- _Aim of the task_
Below are some records; output exactly the lines from the line with "Gap denim surf" to the line with "Bracciale Rigido Cerchi in Argento 925", both ends kept, and nothing more.

-------------------------

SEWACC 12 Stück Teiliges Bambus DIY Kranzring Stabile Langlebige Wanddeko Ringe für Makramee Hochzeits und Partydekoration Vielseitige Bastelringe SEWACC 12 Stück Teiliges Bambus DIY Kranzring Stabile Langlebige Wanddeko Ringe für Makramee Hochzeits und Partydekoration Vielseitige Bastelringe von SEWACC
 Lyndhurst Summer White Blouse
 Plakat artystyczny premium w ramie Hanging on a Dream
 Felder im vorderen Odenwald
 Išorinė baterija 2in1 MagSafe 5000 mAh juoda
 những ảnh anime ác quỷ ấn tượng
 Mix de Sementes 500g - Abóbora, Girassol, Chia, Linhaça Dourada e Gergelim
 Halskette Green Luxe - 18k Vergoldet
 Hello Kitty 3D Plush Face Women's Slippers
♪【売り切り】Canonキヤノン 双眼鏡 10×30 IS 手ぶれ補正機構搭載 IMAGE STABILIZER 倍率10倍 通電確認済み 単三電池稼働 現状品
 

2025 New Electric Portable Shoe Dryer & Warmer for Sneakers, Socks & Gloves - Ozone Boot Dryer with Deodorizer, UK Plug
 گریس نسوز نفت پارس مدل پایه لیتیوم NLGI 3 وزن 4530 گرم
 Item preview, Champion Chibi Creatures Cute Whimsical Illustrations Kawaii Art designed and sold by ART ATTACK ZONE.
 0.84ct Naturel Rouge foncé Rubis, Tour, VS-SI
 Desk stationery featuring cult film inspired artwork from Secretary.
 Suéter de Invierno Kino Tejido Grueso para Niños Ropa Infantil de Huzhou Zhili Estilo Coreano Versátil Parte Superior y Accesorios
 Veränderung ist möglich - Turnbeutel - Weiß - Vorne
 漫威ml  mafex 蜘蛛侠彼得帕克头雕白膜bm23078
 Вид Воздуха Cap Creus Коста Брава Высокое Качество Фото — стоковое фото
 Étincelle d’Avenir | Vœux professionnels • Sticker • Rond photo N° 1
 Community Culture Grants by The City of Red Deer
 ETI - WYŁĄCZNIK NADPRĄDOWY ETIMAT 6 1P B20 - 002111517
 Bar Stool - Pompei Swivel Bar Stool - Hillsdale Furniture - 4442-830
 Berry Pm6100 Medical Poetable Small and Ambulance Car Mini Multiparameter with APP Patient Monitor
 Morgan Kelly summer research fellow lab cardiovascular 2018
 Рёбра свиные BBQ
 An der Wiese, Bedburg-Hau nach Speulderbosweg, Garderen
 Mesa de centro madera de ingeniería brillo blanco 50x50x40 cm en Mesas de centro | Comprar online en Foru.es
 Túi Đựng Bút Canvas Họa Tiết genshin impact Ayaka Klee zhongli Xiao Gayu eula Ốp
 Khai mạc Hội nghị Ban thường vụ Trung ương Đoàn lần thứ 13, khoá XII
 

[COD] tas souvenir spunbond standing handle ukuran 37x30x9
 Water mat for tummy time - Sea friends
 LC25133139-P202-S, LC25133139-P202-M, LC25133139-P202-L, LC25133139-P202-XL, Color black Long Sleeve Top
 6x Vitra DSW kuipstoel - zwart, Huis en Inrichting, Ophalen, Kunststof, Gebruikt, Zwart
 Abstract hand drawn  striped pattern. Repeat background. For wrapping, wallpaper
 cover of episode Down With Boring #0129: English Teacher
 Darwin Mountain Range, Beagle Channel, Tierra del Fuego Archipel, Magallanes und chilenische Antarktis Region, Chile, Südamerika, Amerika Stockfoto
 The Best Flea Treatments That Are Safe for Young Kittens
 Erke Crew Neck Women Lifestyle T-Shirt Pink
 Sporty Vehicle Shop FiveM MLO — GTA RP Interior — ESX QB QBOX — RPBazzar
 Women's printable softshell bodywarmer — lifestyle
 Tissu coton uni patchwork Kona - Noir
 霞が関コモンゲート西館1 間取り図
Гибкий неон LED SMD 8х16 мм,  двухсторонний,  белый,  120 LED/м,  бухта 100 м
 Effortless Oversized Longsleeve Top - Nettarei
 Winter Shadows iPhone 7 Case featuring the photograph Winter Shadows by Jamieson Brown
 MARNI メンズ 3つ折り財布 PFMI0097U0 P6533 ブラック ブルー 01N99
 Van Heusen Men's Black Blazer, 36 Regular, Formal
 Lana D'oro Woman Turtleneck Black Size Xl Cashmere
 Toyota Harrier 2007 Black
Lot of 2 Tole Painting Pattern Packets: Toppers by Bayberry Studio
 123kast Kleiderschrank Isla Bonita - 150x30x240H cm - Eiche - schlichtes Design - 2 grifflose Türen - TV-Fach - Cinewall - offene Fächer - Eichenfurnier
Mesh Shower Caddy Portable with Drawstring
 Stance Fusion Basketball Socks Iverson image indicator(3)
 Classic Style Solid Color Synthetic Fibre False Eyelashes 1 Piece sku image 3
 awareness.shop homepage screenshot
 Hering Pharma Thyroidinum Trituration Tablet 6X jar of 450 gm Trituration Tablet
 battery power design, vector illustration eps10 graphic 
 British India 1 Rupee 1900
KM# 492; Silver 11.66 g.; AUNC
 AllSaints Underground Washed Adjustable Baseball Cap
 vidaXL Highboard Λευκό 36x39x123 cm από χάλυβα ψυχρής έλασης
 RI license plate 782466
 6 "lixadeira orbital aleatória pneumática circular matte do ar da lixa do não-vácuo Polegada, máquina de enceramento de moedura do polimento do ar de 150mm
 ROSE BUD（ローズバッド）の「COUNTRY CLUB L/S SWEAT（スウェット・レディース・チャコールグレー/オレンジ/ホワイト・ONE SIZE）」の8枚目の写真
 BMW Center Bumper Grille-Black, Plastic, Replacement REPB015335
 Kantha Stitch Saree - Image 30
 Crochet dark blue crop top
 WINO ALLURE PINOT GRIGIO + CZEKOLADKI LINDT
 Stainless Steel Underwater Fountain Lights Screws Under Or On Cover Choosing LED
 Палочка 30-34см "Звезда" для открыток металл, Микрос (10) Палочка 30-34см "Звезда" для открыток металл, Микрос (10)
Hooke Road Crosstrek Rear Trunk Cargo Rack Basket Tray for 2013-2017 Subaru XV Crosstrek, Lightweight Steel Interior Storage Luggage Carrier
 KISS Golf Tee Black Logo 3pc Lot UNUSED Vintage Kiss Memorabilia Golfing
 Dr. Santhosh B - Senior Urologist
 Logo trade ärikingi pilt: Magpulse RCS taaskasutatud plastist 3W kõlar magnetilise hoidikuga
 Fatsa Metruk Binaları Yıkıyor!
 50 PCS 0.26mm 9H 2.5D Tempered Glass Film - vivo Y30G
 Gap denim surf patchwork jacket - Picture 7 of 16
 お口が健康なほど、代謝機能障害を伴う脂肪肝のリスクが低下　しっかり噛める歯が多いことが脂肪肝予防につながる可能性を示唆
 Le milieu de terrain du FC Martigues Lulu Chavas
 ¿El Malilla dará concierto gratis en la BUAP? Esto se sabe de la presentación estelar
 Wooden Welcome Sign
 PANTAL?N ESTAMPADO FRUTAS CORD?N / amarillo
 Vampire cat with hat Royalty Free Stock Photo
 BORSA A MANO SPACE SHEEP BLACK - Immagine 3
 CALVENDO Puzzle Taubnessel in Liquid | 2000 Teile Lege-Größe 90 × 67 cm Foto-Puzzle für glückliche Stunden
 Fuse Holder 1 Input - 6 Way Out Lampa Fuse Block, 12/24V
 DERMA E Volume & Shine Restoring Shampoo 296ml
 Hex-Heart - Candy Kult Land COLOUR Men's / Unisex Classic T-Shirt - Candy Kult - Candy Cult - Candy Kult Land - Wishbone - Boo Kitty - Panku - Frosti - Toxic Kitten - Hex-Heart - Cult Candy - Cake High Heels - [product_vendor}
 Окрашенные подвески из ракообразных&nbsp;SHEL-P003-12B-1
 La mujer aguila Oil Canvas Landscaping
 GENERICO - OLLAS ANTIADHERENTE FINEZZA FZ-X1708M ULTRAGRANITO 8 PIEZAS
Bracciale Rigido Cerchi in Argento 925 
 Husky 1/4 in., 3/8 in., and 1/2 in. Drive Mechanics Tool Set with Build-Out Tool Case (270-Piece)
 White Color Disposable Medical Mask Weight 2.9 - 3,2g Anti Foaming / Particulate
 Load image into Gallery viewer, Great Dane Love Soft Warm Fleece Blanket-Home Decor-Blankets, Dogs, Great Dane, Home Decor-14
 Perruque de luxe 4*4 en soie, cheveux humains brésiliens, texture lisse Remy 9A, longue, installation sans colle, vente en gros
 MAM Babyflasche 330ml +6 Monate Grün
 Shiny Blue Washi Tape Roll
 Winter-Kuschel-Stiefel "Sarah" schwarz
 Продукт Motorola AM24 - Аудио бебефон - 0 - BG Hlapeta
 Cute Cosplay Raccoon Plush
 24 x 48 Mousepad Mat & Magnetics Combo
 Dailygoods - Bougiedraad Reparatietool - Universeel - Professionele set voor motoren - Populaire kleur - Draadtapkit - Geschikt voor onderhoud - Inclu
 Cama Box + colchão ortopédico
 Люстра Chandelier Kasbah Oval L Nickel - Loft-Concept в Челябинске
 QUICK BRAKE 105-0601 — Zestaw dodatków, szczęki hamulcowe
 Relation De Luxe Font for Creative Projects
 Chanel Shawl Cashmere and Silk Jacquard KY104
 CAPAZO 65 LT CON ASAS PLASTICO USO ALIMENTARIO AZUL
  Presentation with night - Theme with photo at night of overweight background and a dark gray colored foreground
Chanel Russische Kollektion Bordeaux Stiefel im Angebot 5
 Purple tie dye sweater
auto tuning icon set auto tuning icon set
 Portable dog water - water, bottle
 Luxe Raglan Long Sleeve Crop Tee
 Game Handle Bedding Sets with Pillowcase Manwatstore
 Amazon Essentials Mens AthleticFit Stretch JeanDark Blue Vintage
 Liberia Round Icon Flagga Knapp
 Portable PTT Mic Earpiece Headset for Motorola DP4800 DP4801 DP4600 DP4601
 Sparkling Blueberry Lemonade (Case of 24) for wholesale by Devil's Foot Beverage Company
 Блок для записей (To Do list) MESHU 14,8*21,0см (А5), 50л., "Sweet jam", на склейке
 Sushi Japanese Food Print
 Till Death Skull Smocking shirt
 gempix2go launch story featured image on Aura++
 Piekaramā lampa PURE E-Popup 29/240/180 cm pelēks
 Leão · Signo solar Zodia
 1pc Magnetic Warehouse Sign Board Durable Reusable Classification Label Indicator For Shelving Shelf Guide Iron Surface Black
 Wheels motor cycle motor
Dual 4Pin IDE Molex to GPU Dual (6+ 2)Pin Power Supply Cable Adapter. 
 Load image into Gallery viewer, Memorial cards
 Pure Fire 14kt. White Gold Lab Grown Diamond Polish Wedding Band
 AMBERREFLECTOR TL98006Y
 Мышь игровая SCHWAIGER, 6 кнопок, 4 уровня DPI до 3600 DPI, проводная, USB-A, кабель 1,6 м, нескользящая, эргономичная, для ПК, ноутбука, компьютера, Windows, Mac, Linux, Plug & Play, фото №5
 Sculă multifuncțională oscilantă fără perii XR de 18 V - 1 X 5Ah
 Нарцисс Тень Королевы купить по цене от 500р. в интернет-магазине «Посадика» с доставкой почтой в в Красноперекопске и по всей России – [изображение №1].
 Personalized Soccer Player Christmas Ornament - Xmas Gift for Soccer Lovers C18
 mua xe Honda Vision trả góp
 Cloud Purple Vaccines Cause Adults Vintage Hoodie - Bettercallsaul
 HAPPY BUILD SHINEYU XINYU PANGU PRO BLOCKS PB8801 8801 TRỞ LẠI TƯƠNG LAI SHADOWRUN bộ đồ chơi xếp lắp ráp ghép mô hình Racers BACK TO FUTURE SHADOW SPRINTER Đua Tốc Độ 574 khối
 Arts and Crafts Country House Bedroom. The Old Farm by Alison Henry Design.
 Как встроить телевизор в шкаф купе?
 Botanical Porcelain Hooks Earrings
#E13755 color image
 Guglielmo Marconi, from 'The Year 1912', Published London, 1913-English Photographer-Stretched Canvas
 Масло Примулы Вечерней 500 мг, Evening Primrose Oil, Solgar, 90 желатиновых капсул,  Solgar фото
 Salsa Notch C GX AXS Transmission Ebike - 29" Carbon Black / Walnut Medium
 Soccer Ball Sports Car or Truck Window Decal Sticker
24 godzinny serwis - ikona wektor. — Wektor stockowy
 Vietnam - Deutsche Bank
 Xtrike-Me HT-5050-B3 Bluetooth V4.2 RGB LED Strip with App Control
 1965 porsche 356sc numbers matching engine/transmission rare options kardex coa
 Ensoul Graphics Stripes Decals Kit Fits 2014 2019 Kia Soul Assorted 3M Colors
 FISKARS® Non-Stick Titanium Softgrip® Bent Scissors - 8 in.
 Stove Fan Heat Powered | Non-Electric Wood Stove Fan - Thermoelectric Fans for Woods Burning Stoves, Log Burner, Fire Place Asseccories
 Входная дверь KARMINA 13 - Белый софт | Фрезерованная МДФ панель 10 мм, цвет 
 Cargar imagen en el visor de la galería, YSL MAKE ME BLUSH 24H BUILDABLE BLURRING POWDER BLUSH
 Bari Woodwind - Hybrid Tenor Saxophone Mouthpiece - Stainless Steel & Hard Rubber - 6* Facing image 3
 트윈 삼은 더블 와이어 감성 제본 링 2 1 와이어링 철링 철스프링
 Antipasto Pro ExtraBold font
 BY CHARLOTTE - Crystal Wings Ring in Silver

-------------------------

- _Result of this exercise_
 Gap denim surf patchwork jacket - Picture 7 of 16
 お口が健康なほど、代謝機能障害を伴う脂肪肝のリスクが低下　しっかり噛める歯が多いことが脂肪肝予防につながる可能性を示唆
 Le milieu de terrain du FC Martigues Lulu Chavas
 ¿El Malilla dará concierto gratis en la BUAP? Esto se sabe de la presentación estelar
 Wooden Welcome Sign
 PANTAL?N ESTAMPADO FRUTAS CORD?N / amarillo
 Vampire cat with hat Royalty Free Stock Photo
 BORSA A MANO SPACE SHEEP BLACK - Immagine 3
 CALVENDO Puzzle Taubnessel in Liquid | 2000 Teile Lege-Größe 90 × 67 cm Foto-Puzzle für glückliche Stunden
 Fuse Holder 1 Input - 6 Way Out Lampa Fuse Block, 12/24V
 DERMA E Volume & Shine Restoring Shampoo 296ml
 Hex-Heart - Candy Kult Land COLOUR Men's / Unisex Classic T-Shirt - Candy Kult - Candy Cult - Candy Kult Land - Wishbone - Boo Kitty - Panku - Frosti - Toxic Kitten - Hex-Heart - Cult Candy - Cake High Heels - [product_vendor}
 Окрашенные подвески из ракообразных&nbsp;SHEL-P003-12B-1
 La mujer aguila Oil Canvas Landscaping
 GENERICO - OLLAS ANTIADHERENTE FINEZZA FZ-X1708M ULTRAGRANITO 8 PIEZAS
Bracciale Rigido Cerchi in Argento 925 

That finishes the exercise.